Array representation
- Indices start at 1
- Take nodes in level order
- No explicit links needed
Proposition: Largest key is a[1], which is root of binary tree. Proposition: Can use array indices to move through tree.
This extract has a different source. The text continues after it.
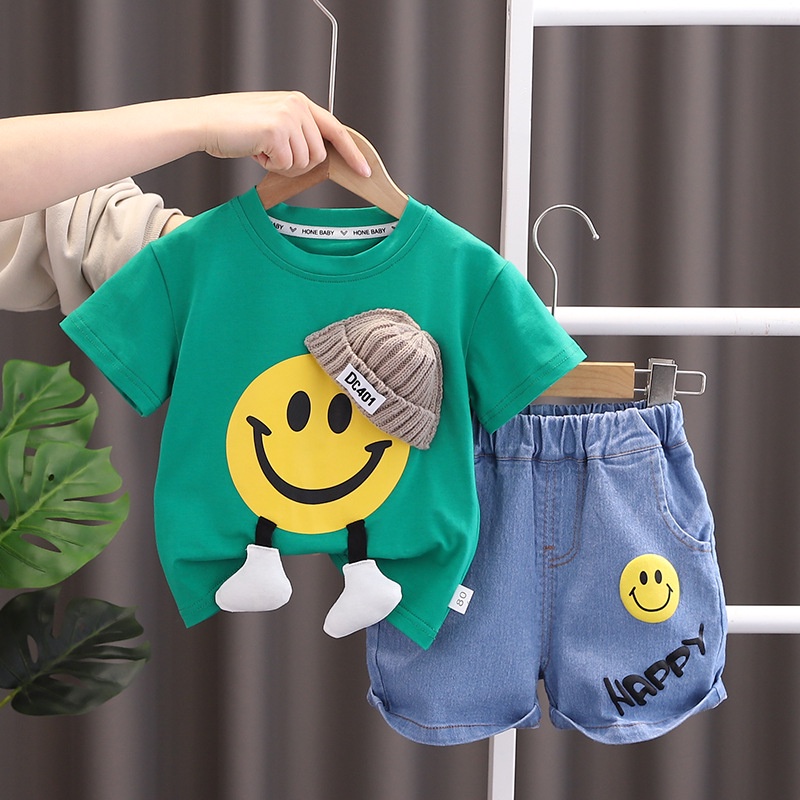 Roupas De Verão Para Crianças Bebês Meninos Camiseta De Desenho Animado + Calções 2Pcs/Set Toddler Casual Sportswear Kids Tracksuits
- Parent of node at k is at k/2
- Children of node at k are at 2k and 2k+1
(增加节点时)当子节点比父节点大,需要调整节点:
private void swim(int k) {
while (k > 1 && less(k/2, k)) {
exch(k, k/2);
k = k/2;
}
}
public void insert(Key x) {
if (N > pq.length - 1) resize(2*pq.length);
pq[++N] = x;
swim(N);
}
(删除节点后)当父节点比子节点小,可以运行sink:
private void sink(int k) {
while(2 * k < N) {
int j = 2 * k;
if (j < N && less(j, j + 1)) j++;
if(!less(k, j)) break;
exch(k, j);
k = j;
}
}
public Key delMax() {
Key max = pq[1];
exch(1, N--);
sink(1);
pq[N + 1] = null;
return max;
}
Heapsort
根据堆的特性,可以用来排序.
- Build max heap using bottom-up method.
- Repeatedly delete the largest remaining item.
for(int k = N / 2; k >= 1; k--) {
sink(a, k, N);
}
while(N > 1) {
exch(a, 1, N--);
sink(a, 1, N);
}